WORK INSTRUCTIONS:
The whole listing that follows is to be restated word for word, images excluded.

DATA TO PROCESS:

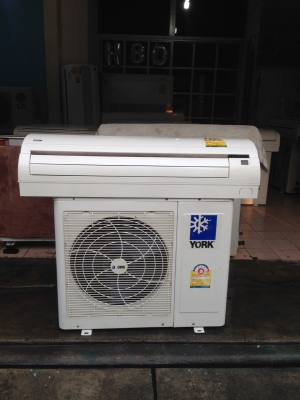 **** ขายแอร์ YORK 18000 BTU สภาพสวย **** **** ขายแอร์ YORK 18000 BTU สภาพสวย ****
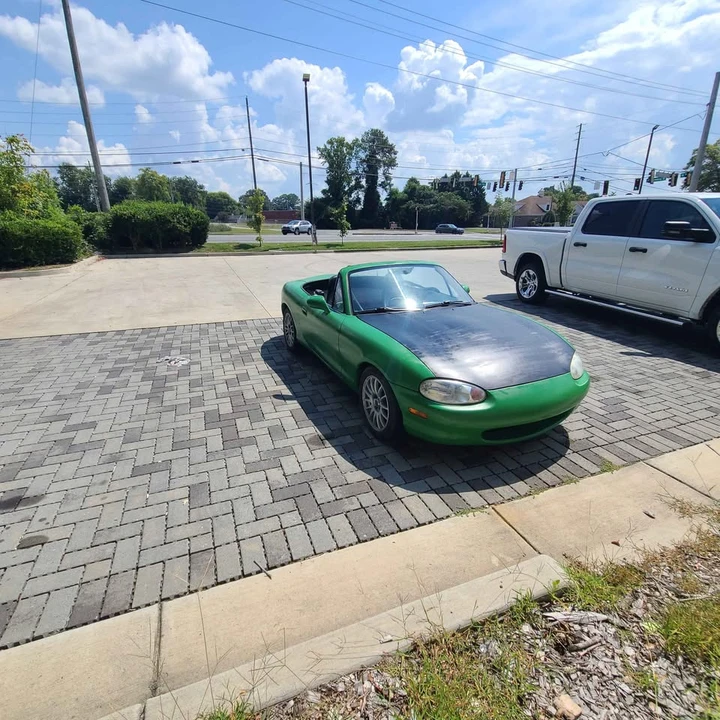 1999 Mazda NB MX-5 Miata - Image 2 of 3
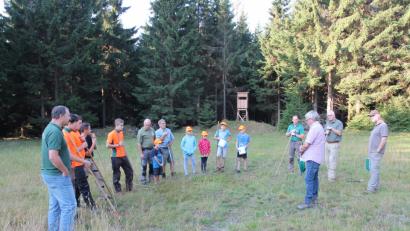 Bild: pi
Forstdirektor Stefan Bösl (Zweiter von rechts) freute sich wie sein Stellvertreter Ingo Greim (rechts), Toni Wolf vom Bund Naturschutz (Dritter von rechts) und Thomas Parton (links) über den Eifer der Kinder bei der Arnika-Pflanzaktion der Bayerischen Staatsforsten.
Bild: pi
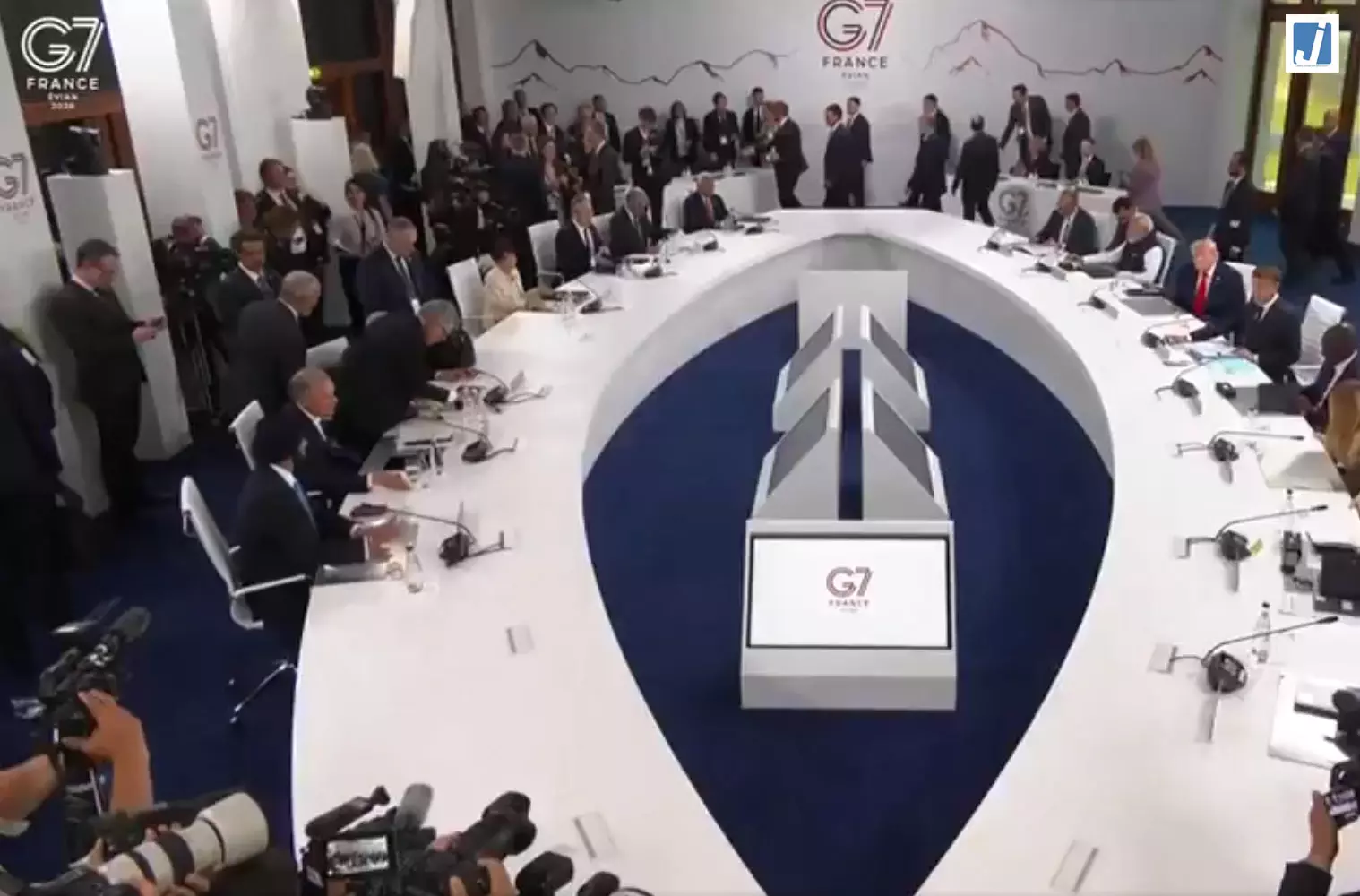 G7 आउटरीच सेशन में पीएम मोदी हुए शामिल G7 आउटरीच सेशन में पीएम मोदी हुए शामिल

SOLUTION FOR THIS TASK:
 **** ขายแอร์ YORK 18000 BTU สภาพสวย **** **** ขายแอร์ YORK 18000 BTU สภาพสวย ****
 1999 Mazda NB MX-5 Miata - Image 2 of 3
 Bild: pi
Forstdirektor Stefan Bösl (Zweiter von rechts) freute sich wie sein Stellvertreter Ingo Greim (rechts), Toni Wolf vom Bund Naturschutz (Dritter von rechts) und Thomas Parton (links) über den Eifer der Kinder bei der Arnika-Pflanzaktion der Bayerischen Staatsforsten.
Bild: pi
 G7 आउटरीच सेशन में पीएम मोदी हुए शामिल G7 आउटरीच सेशन में पीएम मोदी हुए शामिल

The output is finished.